# Mobi type cordless washer £49.99



## titanx (May 4, 2009)

Clas ohlson have these back in stock online.
http://www.clasohlson.com/uk/12-V-Cordless-Pressure-Washer/Pr184407000


----------



## danwel (Feb 18, 2007)

These any good or better off getting a proper one?


----------



## robtech (Jan 17, 2011)

out of stock..looks like a gimmick anyway,,,just buy a few 5 litre pressure sprayers 10 quid delivered on ebay


----------



## chrisgreen (Mar 30, 2012)

robtech said:


> out of stock..looks like a gimmick anyway,,,just buy a few 5 litre pressure sprayers 10 quid delivered on ebay


Out of stock for mail order but in stock at several branches.

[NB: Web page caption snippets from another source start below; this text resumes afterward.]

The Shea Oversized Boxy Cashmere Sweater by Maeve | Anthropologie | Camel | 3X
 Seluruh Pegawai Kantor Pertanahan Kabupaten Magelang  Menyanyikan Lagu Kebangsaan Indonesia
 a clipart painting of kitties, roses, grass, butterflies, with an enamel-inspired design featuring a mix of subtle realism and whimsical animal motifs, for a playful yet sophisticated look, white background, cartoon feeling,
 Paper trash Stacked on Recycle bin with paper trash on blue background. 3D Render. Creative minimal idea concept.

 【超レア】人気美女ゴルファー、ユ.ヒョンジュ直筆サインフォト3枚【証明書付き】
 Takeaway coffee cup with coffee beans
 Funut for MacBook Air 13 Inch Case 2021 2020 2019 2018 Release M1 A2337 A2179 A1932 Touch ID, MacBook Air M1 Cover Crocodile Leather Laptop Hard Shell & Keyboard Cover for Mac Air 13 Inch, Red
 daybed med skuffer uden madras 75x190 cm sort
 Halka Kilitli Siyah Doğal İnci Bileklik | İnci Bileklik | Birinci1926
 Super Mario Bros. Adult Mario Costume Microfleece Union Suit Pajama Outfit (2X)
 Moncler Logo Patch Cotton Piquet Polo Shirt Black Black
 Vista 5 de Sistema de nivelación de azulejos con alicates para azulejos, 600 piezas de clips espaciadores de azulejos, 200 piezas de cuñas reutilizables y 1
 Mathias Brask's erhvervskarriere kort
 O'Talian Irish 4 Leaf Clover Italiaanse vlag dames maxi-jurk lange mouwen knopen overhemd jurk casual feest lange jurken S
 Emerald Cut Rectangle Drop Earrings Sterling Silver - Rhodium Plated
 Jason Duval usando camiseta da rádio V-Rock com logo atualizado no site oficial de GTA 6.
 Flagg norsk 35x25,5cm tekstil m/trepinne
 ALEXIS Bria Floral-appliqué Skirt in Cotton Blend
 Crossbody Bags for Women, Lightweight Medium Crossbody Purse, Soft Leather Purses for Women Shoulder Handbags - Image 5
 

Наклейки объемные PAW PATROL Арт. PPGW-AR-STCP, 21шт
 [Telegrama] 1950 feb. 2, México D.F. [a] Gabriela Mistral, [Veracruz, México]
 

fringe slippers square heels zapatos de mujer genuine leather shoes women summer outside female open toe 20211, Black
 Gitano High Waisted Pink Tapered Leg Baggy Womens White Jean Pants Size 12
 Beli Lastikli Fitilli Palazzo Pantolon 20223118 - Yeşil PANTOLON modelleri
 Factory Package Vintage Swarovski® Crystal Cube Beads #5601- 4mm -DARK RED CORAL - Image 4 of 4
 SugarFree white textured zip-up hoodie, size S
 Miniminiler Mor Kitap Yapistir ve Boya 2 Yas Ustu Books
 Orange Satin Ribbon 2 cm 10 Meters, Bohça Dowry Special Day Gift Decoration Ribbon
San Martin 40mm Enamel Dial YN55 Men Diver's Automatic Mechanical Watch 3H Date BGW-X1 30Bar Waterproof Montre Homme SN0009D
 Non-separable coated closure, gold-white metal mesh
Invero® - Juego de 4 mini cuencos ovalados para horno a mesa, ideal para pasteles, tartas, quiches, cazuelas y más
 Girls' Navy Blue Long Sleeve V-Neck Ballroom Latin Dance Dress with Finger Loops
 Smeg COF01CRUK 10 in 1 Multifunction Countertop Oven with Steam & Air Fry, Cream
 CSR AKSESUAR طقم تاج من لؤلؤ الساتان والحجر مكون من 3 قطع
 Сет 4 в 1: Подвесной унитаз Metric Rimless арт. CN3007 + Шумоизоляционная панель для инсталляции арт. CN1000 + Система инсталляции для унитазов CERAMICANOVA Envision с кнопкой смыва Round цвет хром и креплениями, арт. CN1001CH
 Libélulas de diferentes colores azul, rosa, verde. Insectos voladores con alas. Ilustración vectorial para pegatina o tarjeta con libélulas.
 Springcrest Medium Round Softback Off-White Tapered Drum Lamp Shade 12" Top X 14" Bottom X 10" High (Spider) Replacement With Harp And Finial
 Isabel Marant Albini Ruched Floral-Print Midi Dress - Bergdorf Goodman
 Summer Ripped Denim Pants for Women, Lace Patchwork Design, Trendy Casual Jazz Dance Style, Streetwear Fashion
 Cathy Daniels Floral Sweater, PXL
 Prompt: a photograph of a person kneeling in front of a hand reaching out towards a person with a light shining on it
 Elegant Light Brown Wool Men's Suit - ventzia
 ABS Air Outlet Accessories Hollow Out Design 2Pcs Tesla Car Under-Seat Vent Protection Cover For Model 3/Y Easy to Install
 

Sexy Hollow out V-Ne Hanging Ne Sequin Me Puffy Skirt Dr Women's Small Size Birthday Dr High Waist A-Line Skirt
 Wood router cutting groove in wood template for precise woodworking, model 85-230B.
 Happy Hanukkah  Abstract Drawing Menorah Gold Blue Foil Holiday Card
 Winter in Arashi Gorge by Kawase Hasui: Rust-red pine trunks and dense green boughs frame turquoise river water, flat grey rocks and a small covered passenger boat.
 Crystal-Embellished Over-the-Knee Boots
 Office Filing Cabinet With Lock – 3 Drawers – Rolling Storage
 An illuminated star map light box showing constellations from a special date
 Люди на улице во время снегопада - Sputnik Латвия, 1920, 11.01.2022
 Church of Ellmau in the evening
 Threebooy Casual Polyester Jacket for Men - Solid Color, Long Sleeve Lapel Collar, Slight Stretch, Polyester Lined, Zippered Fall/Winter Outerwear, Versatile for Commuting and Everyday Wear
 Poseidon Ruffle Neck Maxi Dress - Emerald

I bought one of these a couple of months back when Clas Ohlson was doing it for £39.99.

It is an excellent bit of kit - by no means a replacement for a proper mains powered & mains water-fed pressure washer, but far superior to a hand pressure sprayer.

When I'm over at the girlfriend's place, where using a proper pressure washer is problematic, this has been an absolute godsend when washing and rinsing the car, especially the wheels. The water stream isn't huge, but is delivered under a good amount of pressure.

It holds 17 litres of water, and I can spray just under 4 full tanks of water from a single charge (I use about 2 and a half tanks on a full wash regime). The nozzle is very adjustable, offering many options between scream and fine spray.


----------